* **EXERCISE INSTRUCTIONS**: Within the material below, transcribe exactly the lines from the one holding "Black hair swaying" through the one holding "For Love, Bumblewisk, Cosmic", keeping both ends and skipping the rest.

----- RECORD EXTRACTS -----

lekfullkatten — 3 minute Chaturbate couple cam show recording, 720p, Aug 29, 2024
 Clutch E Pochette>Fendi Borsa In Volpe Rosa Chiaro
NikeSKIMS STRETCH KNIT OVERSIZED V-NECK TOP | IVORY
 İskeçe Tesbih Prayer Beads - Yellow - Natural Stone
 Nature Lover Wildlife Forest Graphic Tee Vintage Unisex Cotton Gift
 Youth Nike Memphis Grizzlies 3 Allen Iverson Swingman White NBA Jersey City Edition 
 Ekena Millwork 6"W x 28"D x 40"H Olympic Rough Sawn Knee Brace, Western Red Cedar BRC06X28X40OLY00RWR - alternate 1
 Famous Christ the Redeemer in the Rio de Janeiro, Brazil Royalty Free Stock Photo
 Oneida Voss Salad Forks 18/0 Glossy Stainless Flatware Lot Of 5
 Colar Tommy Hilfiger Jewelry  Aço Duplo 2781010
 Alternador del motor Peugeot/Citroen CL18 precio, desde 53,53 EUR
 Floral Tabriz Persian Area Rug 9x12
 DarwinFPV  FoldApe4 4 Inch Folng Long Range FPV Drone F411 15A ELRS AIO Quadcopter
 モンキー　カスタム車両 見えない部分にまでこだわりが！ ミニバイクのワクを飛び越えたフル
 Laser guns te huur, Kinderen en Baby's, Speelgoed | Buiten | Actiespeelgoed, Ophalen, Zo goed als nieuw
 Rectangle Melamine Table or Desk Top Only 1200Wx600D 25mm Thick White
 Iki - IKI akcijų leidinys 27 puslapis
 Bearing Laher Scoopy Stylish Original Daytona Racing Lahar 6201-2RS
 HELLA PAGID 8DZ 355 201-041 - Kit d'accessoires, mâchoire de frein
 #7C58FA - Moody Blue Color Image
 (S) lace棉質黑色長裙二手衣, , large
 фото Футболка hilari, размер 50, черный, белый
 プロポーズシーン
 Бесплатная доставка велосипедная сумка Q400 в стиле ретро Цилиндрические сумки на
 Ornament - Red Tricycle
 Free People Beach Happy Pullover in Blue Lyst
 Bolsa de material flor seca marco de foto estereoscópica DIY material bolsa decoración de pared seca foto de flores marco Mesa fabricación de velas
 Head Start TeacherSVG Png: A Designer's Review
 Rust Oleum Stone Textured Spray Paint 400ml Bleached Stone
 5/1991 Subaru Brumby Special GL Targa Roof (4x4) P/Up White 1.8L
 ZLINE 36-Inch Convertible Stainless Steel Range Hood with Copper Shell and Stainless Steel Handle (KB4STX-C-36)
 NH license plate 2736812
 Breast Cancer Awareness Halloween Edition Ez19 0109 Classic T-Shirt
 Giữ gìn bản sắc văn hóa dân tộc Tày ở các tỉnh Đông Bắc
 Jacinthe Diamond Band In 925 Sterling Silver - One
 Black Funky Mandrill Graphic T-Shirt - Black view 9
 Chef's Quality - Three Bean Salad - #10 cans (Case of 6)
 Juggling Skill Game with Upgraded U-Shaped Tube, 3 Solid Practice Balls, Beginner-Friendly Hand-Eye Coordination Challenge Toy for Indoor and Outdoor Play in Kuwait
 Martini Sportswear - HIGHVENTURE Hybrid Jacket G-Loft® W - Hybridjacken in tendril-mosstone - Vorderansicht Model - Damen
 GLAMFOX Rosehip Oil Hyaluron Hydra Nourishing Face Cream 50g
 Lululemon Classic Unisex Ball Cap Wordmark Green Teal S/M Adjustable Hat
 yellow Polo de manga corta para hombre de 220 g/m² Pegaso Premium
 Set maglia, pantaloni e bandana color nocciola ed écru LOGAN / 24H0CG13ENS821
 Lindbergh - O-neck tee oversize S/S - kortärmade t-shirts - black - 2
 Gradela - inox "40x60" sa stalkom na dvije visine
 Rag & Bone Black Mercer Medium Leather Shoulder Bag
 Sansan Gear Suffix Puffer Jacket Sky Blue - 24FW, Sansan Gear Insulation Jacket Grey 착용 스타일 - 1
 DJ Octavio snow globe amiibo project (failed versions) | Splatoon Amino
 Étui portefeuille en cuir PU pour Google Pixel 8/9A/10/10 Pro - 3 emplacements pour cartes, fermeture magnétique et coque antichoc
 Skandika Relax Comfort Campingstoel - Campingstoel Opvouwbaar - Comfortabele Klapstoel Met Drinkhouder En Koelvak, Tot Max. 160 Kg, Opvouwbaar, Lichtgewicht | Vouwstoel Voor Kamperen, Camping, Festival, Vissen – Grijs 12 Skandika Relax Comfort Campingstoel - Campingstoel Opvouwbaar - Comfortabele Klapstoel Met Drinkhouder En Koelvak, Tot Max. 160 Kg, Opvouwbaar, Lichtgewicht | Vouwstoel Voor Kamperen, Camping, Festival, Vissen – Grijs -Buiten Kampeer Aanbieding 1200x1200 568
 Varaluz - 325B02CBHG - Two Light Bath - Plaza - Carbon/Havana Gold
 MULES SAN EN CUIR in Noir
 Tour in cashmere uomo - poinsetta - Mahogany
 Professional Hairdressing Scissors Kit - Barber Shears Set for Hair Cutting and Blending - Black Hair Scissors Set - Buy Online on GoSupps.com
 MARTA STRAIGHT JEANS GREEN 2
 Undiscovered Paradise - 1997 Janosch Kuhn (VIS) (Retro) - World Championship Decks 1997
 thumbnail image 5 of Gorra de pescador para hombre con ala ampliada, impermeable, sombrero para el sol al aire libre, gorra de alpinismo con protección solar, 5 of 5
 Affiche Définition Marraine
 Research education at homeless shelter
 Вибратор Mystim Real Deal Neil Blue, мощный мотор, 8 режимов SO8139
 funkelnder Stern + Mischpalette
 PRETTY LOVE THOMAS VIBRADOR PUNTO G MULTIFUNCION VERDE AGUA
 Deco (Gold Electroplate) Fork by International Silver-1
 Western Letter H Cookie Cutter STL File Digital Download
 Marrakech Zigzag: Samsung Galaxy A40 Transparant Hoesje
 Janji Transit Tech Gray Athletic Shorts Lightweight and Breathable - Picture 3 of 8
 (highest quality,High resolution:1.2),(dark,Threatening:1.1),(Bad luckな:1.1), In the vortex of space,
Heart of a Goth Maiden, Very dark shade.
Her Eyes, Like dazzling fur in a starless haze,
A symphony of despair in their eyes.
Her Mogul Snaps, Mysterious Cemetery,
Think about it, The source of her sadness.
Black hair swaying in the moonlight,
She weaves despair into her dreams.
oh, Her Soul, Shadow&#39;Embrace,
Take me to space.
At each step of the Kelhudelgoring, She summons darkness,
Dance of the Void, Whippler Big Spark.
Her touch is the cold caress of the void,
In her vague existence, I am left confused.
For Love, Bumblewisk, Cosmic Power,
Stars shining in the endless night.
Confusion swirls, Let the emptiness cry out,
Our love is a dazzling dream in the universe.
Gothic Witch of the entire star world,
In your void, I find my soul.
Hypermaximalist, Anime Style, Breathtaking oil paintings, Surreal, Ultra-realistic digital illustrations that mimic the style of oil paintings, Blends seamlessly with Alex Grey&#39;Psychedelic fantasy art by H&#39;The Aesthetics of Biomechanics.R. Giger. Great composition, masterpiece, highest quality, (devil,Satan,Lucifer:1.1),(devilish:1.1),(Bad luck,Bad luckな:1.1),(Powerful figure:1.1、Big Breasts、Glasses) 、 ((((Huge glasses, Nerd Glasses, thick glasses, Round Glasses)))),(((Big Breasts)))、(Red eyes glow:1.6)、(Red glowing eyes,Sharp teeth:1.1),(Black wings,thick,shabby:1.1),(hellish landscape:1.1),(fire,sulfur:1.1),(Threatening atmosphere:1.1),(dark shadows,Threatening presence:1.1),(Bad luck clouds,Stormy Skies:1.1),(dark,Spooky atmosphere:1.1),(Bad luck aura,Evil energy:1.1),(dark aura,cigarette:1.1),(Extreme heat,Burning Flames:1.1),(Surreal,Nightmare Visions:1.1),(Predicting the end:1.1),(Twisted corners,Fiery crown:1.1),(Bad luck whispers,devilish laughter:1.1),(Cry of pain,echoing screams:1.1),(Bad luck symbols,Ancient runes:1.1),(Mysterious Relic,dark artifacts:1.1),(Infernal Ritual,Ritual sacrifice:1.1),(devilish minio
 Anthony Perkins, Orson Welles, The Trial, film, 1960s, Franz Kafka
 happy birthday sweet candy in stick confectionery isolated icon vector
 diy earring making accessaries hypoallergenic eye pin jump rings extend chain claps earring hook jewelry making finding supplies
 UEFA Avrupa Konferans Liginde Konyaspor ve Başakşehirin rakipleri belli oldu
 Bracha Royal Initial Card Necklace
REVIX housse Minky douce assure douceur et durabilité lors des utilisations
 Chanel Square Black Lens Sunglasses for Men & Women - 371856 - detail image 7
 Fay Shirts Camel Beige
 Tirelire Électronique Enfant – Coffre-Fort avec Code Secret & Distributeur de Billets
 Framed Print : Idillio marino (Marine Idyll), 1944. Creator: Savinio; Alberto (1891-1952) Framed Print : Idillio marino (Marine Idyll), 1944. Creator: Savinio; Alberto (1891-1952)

-----

* **SOLUTION FOR THIS EXERCISE**:
Black hair swaying in the moonlight,
She weaves despair into her dreams.
oh, Her Soul, Shadow&#39;Embrace,
Take me to space.
At each step of the Kelhudelgoring, She summons darkness,
Dance of the Void, Whippler Big Spark.
Her touch is the cold caress of the void,
In her vague existence, I am left confused.
For Love, Bumblewisk, Cosmic Power,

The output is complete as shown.